Trumpets in the sky, cortometraggio del 2021 vincitore di 10 premi tra cui il Best film al Toronto International film, viene presentato in questi giorni anche in Italia alla ventiduesima edizione dell’Euganea film festival.
Il regista è Rakan Mayasi, palestinese formatosi all’Asian Film School della Corea del Sud che ha già scritto, diretto e prodotto altri quattro corti indipendenti pluripremiati. Co-sceneggiato da Wahid Ajmi, alla sua prima esperienza, il corto mette in scena con estremo realismo la vita del Libano rurale e la cultura patriarcale del matrimonio nel Paese.

La fine dell’infanzia
Boushra (Boushra Matar) è una giovane raccoglitrice di patate. La sua quotidianità di duro lavoro nei campi viene sconvolta quando scopre che sua madre (Azra Al Nazza) ha deciso di darla in sposa in cambio di denaro. Il matrimonio rappresenta la fine della sua infanzia, l’allontanamento dal mondo conosciuto. Mentre gli uomini festeggiano allegri e spensierati, lo sguardo mesto di Boushra mostra tutta la sofferenza per un destino di cui non sarà mai completamente padrona, affidata dalle braccia della madre a quella dello sposo.

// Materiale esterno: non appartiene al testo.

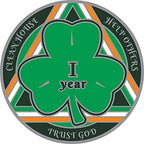 MYRECOVERYSTORE AA Irish Shamrock Sobriety Chip 1–50 Years – Heavy Anniversary Coin with Gaelic Prayer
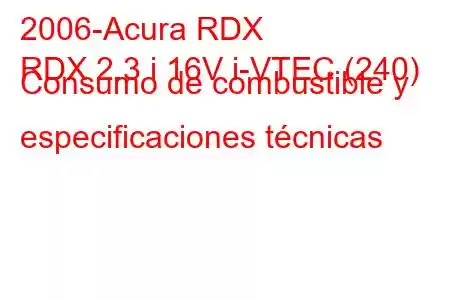 2006-Acura RDX
RDX 2.3 i 16V i-VTEC (240) Consumo de combustible y especificaciones técnicas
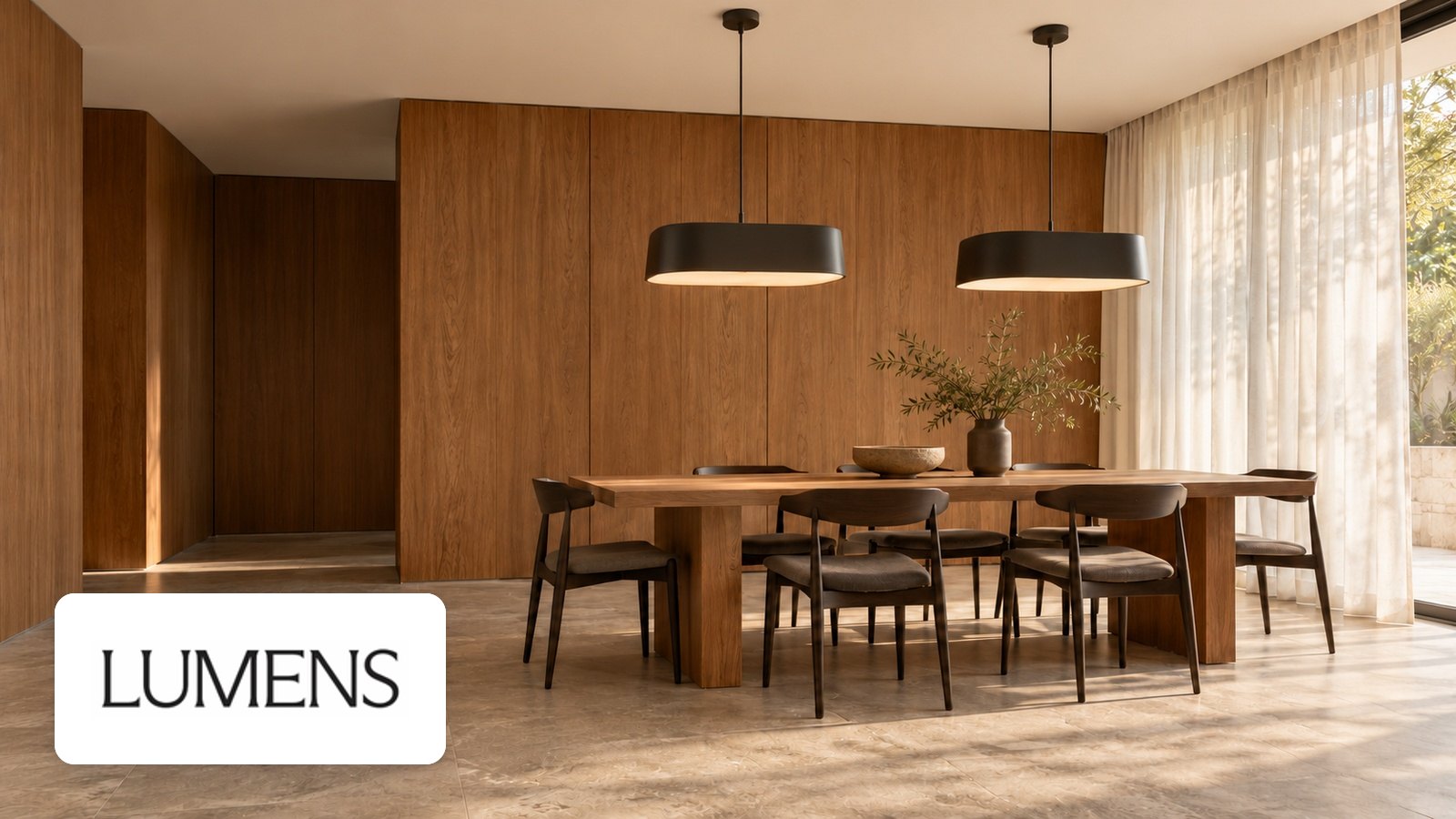 Lumens logo with Sunlit modern dining room with two dark pendant lights above wooden table, chairs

Nel Libano delle spose bambine
Il panorama della campagna libanese, impoverito dalle guerre, si mostra nella sua bellezza incontaminata fatta di monti e cieli sconfinati. L’orizzonte divide però l’inquadratura a metà schicciando i personaggi in basso, in mezzo all’erba stopposa e alla povertà. Boushra si muove tra i campi e la baraccopoli dove vive senza differenze, la sua vita è il suo lavoro tanto che anche il giorno del suo matrimonio è uno come tanti altri. Sua madre le infila il vestito da sposa, certo, ma sotto lei indossa sempre gli stessi abiti con cui ha lavorato nella mattinata.
La scena di ballo gioioso del matrimonio è un momento che sfiora il grottesco. Mentre gli uomini ballano concitati nessuna donna è presente perchè è chiaro che il matrimonio è un affare maschile. Madre e figlia sono rintanate nel privato, solo lì sono libere di versare qualche lacrima e mostrarsi un po’ di tenerezza. Quello di Boushra è il destino di molte giovani libanesi, costrette ad un matrimonio combinato dalla situazione di indigenza delle famiglie, anche prima di raggiungere la maggiore età.
Questo dramma silenzioso viene messo in scena senza dialoghi; basta lo sguardo rassegnato della ragazza a interrogare la coscienza dello spettatore. Mayasi mette in scena una vicenda così dura contrapponendola ad una costruzione delle inquadrature che restituisce la bellezza naturale dei paesaggi, creando un ritratto poetico che guarda con tenerezza più che giudizio.